-- Extracted data follows --

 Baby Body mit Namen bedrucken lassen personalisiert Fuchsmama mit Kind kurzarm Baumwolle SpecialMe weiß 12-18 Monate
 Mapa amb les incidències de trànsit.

-- Extracted data concluded --
-- Extracted data follows --

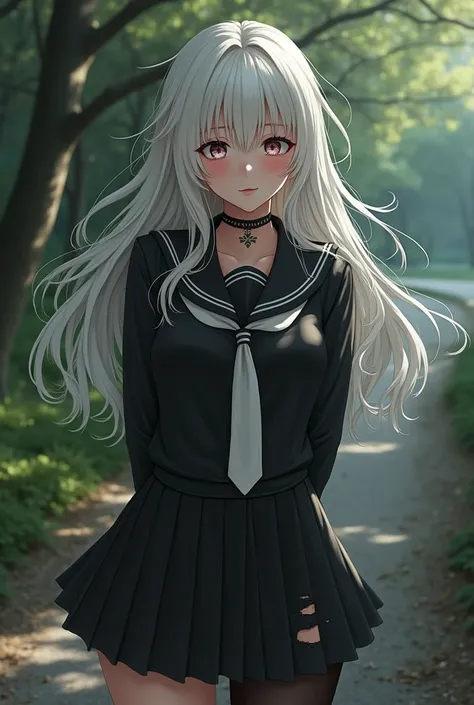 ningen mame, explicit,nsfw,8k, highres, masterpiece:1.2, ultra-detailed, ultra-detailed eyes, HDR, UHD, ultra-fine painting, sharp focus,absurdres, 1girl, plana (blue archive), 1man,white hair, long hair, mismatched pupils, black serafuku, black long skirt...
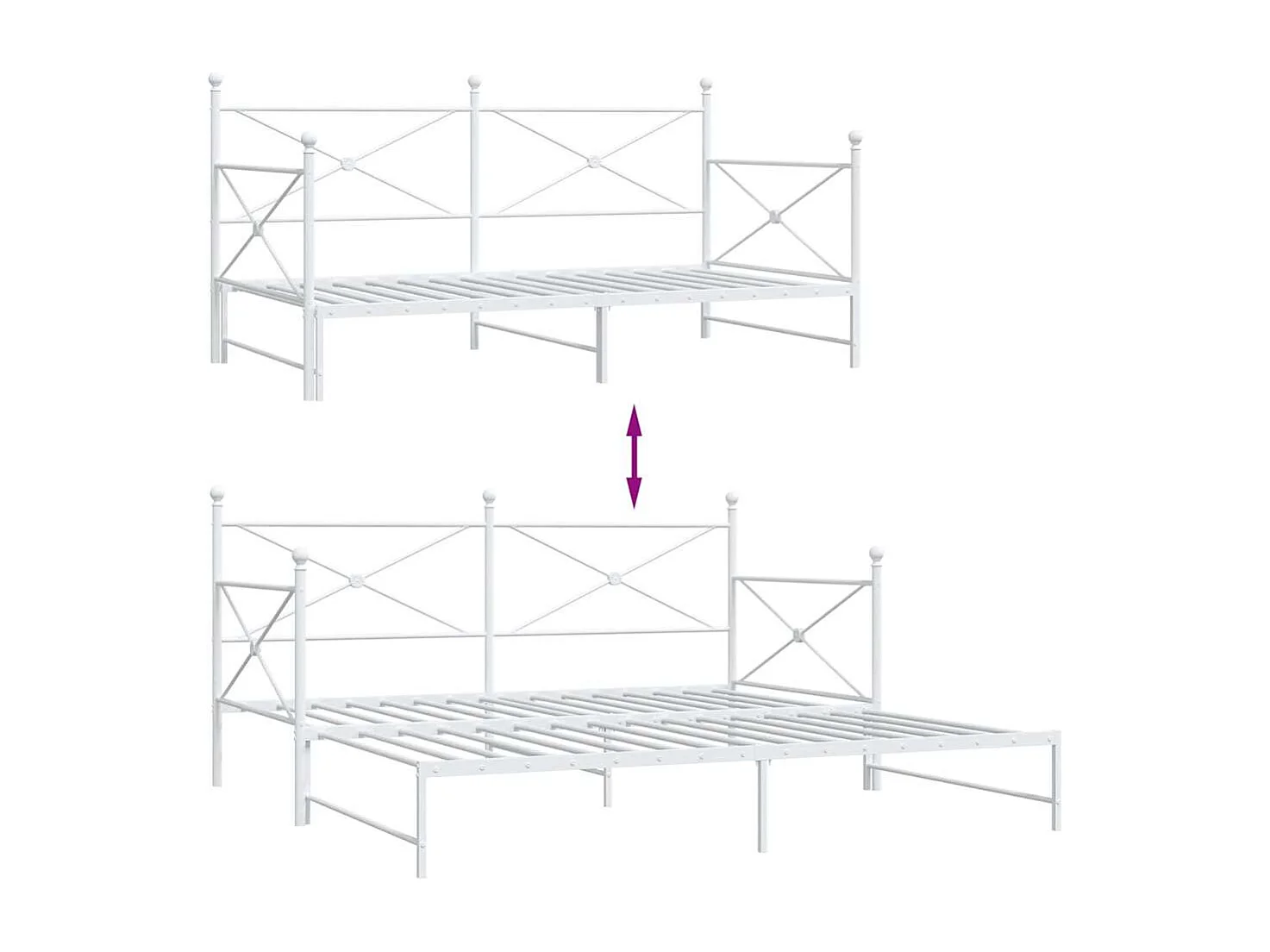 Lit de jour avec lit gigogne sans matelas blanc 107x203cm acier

-- Extracted data concluded --

Exercise goal —
Word for word, restate the lines above from the one with "black long skirt..." through the one with "Lit de jour", keeping both ends and dropping the pictures.

Answer box —
 ningen mame, explicit,nsfw,8k, highres, masterpiece:1.2, ultra-detailed, ultra-detailed eyes, HDR, UHD, ultra-fine painting, sharp focus,absurdres, 1girl, plana (blue archive), 1man,white hair, long hair, mismatched pupils, black serafuku, black long skirt...
 Lit de jour avec lit gigogne sans matelas blanc 107x203cm acier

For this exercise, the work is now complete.